Jan. 7—The owner of the Semisub tour boat company who fled Oahu on his ailing vessel earlier this week was apprehended by U.S. Marshals today.
The owner of the Semisub tour boat company earlier this week—after being charged with federal securities fraud and released on pretrial bond last October—was apprehended by U.S. Marshals today.
Curtiss Jackson, 69, who the Justice Department alleged misspent a good part of the $28 million he raised from investors to fund his semi-clear-bottomed boat project, disembarked from the Semisub One in Kewalo Harbor this morning, his hands cuffed behind him as a helmeted U.S. Marshal, gripping a military-style rifle in one hand, guided Jackson with the other.
Jackson was flanked by Coast Guard members and another U.S. Marshal, who had a rifle with a suppressor attached, dangling from his chest and a plastic bag in his hand which appeared to contain Jackson's belongings.
"Mind your own business, " Jackson told a Honolulu Star-Advertiser reporter, as a state Harbor Police officer patted him down, untucking his gray polo from his faded blue jeans, before ushering him into the back of a police SUV.
When asked about apprehending Jackson, a U.S. Marshal said quietly, "It went pretty well."
The Justice Department has charged Curtiss Jackson, 69, and his wife, Jamey Denise Jackson, 59, with federal securities fraud, a felony.

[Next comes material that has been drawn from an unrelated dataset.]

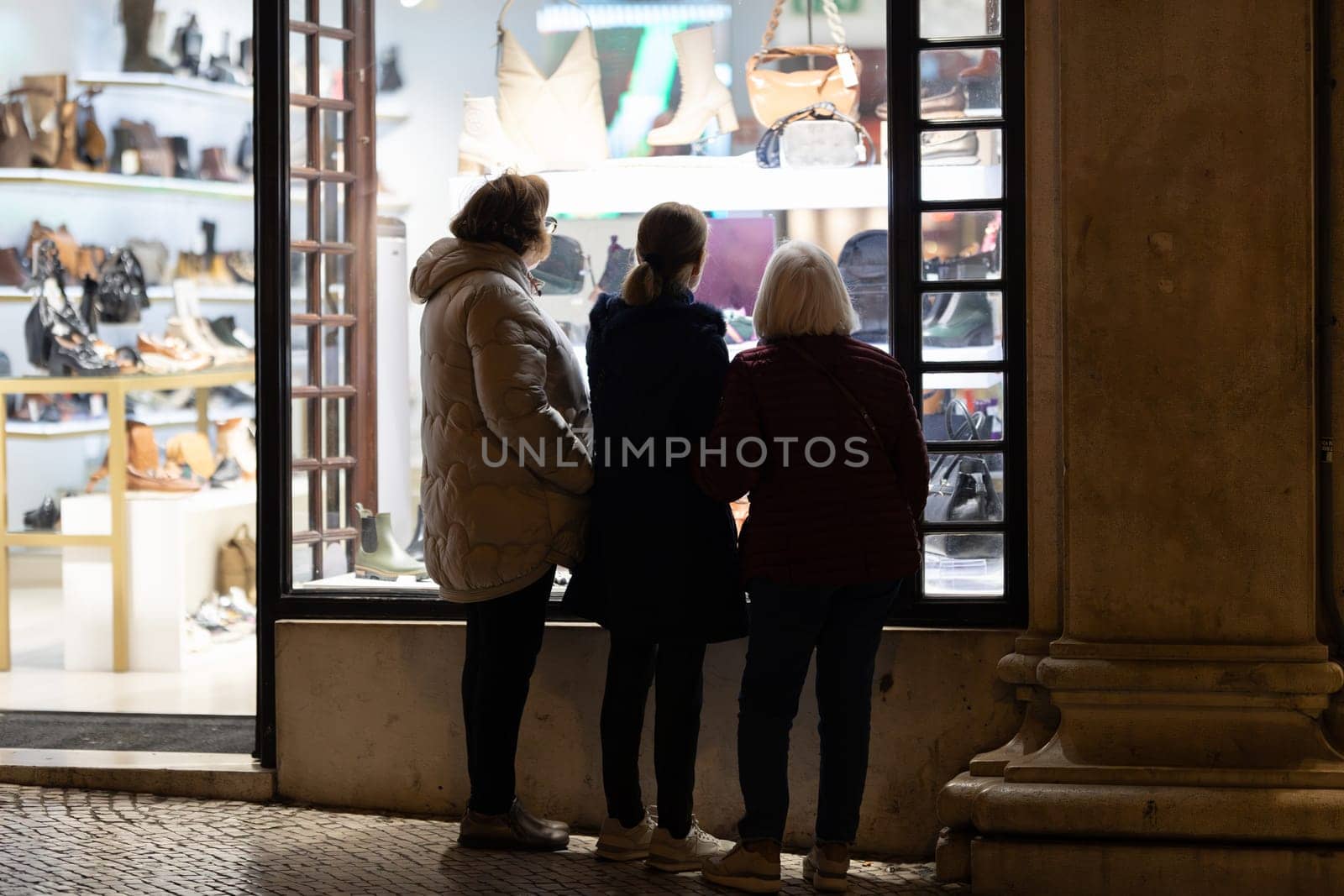 Three Women Admiring the Display at a Fashion Boutique by Studia72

Prosecutors alleged that the Jacksons took investors' money over the course of a decade, all the while asserting that their prototype vessel with a partially clear hull would launch soon. In the meantime, prosecutors said, the Jacksons spent investors' money on psychics, cannabis, luxury residences, personal credit card bills and a Mercedes-Benz.
Hawaii District Judge Rom Trader released Jackson on $50, 000 bond in October, requiring that he not leave Oahu, not contact anyone involved in the case, refrain from using drugs, and not leave his house after a curfew.

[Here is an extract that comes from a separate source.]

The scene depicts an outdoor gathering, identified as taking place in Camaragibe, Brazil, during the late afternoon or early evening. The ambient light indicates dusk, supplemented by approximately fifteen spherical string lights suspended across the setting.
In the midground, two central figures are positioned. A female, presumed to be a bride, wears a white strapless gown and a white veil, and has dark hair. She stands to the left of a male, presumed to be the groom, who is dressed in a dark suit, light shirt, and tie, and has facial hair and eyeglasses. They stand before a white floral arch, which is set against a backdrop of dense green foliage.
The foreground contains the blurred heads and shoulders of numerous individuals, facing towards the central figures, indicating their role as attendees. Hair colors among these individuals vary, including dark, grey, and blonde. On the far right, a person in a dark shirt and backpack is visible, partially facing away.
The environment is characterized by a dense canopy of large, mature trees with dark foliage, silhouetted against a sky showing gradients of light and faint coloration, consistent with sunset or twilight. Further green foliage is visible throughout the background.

The federal government sought to detain Jackson before his trial, set for October 2023, citing concerns that he might flee and pose a risk to his wife and investors. Prosecutors alleged that Jackson had already violated his conditions of release by asking investors to send him money and assaulting his son.

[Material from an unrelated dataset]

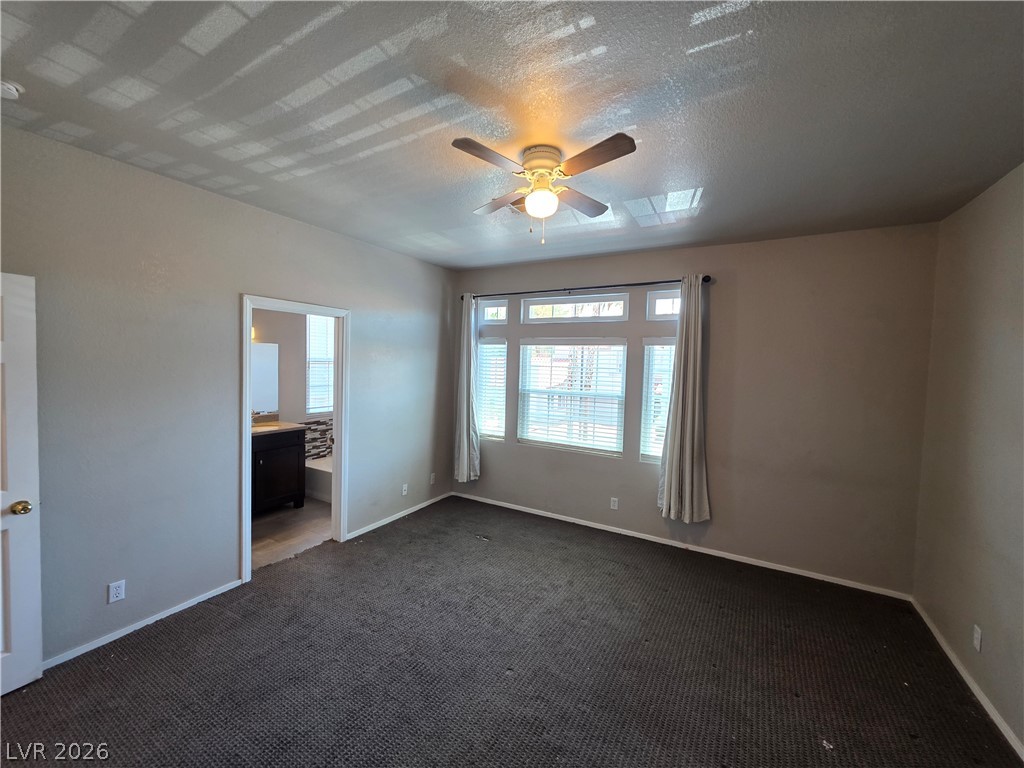2275 Ramsgate Drive Henderson, NV 89074 - Photo 56 of 84 Well-appointed bedroom featuring a ceiling fan and a view into an adjoining bathroom.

A bail review hearing for Jackson had been scheduled for Thursday, but it was "vacated " that day, to be "reset as appropriate, " according to court records.
Jackson's attorney, Harlan Kimura, did not immediately respond to a request for comment. Jamey Jackson's attorney, Bentley C. Adams III, declined to comment.
The U.S. Marshals Service and the Honolulu U.S. Attorney's Office did not immediately respond to a request for comment. Coast Guard public affairs specialist Ryan Fisher said he was preparing a joint news release with the U.S. Marshals Service that would be released later today.